- _MATERIAL PROVIDED_
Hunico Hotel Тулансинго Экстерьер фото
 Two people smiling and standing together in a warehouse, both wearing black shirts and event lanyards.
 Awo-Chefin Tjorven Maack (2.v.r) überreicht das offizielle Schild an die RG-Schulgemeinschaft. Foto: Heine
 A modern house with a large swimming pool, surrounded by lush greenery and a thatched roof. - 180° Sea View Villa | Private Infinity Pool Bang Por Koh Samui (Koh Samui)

- _EXERCISE BRIEF_
Each line of the data has to be written out exactly as it appears.

- _RESULT_
Hunico Hotel Тулансинго Экстерьер фото
 Two people smiling and standing together in a warehouse, both wearing black shirts and event lanyards.
 Awo-Chefin Tjorven Maack (2.v.r) überreicht das offizielle Schild an die RG-Schulgemeinschaft. Foto: Heine
 A modern house with a large swimming pool, surrounded by lush greenery and a thatched roof. - 180° Sea View Villa | Private Infinity Pool Bang Por Koh Samui (Koh Samui)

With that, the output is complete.